Assignment » Word for word, restate the data that follows, omitting the images.

Data section »

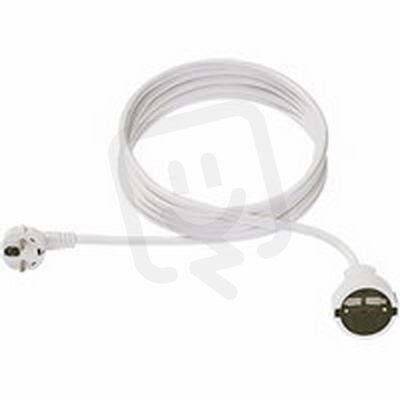 Bachman 341.184 Euro extension cord 3pole, H05VV-F 3G1,50mm2, 2m, bk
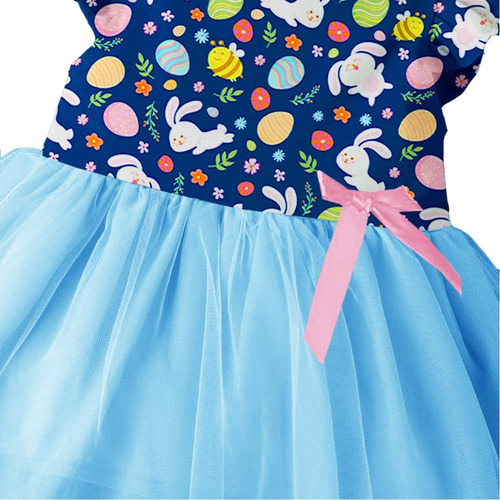 Vestido De Páscoa Remimi Para Meninas Ovos De Páscoa Coelhin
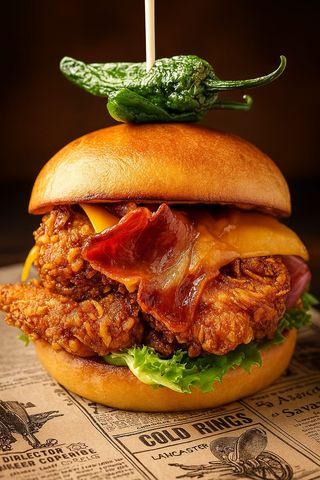 Menú Burger Pollo crispy bastard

Task answer »
 Bachman 341.184 Euro extension cord 3pole, H05VV-F 3G1,50mm2, 2m, bk
 Vestido De Páscoa Remimi Para Meninas Ovos De Páscoa Coelhin
 Menú Burger Pollo crispy bastard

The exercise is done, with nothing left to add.